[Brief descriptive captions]
++++

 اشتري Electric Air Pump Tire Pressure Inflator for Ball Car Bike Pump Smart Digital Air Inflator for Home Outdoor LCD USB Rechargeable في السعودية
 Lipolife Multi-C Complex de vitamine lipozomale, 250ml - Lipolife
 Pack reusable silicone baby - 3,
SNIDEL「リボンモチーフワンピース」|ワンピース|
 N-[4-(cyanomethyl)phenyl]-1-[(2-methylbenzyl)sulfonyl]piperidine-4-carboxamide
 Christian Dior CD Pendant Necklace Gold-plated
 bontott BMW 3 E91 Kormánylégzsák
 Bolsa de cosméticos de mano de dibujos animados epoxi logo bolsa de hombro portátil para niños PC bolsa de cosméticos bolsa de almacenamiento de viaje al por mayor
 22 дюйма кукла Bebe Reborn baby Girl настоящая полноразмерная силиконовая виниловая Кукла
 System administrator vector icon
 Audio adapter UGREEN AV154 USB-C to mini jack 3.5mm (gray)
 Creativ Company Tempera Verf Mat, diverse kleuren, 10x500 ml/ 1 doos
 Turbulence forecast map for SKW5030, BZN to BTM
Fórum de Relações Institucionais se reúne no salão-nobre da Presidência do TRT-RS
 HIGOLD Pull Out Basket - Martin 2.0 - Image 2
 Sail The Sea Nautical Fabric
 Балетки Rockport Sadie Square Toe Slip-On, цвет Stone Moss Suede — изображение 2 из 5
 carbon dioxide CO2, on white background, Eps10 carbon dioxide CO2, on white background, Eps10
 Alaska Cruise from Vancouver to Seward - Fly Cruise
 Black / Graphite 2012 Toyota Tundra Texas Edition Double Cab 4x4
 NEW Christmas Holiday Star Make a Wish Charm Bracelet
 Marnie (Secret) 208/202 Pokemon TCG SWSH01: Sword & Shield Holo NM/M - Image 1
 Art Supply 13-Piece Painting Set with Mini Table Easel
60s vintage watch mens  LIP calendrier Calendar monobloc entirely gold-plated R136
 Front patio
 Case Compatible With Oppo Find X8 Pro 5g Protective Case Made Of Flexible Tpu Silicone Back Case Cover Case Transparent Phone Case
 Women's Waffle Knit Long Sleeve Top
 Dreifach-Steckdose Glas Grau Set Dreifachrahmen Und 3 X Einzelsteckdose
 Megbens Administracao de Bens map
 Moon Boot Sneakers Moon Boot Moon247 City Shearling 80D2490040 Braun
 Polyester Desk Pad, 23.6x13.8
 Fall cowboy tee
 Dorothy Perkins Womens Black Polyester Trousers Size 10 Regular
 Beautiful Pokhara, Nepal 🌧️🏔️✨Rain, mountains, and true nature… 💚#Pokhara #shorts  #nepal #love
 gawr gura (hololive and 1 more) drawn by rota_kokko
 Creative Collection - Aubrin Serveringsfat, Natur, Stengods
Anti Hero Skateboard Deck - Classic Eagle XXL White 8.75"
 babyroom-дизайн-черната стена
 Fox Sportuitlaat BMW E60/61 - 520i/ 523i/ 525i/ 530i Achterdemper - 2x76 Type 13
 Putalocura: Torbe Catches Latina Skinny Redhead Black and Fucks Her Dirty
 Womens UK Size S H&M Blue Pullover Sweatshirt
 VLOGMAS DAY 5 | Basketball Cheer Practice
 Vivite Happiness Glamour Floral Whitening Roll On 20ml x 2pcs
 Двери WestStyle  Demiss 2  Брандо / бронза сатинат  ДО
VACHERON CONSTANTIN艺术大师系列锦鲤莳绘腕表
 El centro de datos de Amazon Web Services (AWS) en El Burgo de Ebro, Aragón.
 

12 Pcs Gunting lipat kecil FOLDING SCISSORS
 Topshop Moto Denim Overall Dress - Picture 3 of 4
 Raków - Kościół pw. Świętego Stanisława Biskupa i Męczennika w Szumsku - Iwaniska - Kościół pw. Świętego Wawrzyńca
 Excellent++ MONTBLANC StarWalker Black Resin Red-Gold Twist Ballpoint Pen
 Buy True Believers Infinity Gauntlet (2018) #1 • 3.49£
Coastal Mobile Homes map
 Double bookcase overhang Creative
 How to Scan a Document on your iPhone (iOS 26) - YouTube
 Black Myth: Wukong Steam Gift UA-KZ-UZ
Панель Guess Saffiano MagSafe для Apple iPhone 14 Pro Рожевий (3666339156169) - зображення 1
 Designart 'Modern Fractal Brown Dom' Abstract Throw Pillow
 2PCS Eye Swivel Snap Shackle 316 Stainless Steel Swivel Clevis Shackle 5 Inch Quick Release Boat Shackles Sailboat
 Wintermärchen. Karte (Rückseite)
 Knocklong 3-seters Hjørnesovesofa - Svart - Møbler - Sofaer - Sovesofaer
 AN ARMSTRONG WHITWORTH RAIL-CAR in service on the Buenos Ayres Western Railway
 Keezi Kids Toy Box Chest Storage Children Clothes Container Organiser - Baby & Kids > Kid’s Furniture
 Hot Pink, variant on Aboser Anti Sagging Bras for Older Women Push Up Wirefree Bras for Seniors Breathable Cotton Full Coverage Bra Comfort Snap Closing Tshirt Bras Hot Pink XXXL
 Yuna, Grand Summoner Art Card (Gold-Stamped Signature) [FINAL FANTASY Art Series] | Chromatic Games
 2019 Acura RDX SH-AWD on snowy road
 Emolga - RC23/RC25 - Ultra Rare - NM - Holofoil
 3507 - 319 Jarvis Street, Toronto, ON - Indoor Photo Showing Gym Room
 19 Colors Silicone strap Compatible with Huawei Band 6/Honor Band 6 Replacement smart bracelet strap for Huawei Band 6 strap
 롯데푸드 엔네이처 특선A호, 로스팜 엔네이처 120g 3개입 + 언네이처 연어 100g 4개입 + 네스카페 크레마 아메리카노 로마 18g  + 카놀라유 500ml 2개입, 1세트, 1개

++++

What the exercise asks: Beginning at the line with "Womens UK Size" and ending at the line with "AN ARMSTRONG WHITWORTH", reproduce each line of the data above exactly, and add no other lines.

Response area:
 Womens UK Size S H&M Blue Pullover Sweatshirt
 VLOGMAS DAY 5 | Basketball Cheer Practice
 Vivite Happiness Glamour Floral Whitening Roll On 20ml x 2pcs
 Двери WestStyle  Demiss 2  Брандо / бронза сатинат  ДО
VACHERON CONSTANTIN艺术大师系列锦鲤莳绘腕表
 El centro de datos de Amazon Web Services (AWS) en El Burgo de Ebro, Aragón.
 

12 Pcs Gunting lipat kecil FOLDING SCISSORS
 Topshop Moto Denim Overall Dress - Picture 3 of 4
 Raków - Kościół pw. Świętego Stanisława Biskupa i Męczennika w Szumsku - Iwaniska - Kościół pw. Świętego Wawrzyńca
 Excellent++ MONTBLANC StarWalker Black Resin Red-Gold Twist Ballpoint Pen
 Buy True Believers Infinity Gauntlet (2018) #1 • 3.49£
Coastal Mobile Homes map
 Double bookcase overhang Creative
 How to Scan a Document on your iPhone (iOS 26) - YouTube
 Black Myth: Wukong Steam Gift UA-KZ-UZ
Панель Guess Saffiano MagSafe для Apple iPhone 14 Pro Рожевий (3666339156169) - зображення 1
 Designart 'Modern Fractal Brown Dom' Abstract Throw Pillow
 2PCS Eye Swivel Snap Shackle 316 Stainless Steel Swivel Clevis Shackle 5 Inch Quick Release Boat Shackles Sailboat
 Wintermärchen. Karte (Rückseite)
 Knocklong 3-seters Hjørnesovesofa - Svart - Møbler - Sofaer - Sovesofaer
 AN ARMSTRONG WHITWORTH RAIL-CAR in service on the Buenos Ayres Western Railway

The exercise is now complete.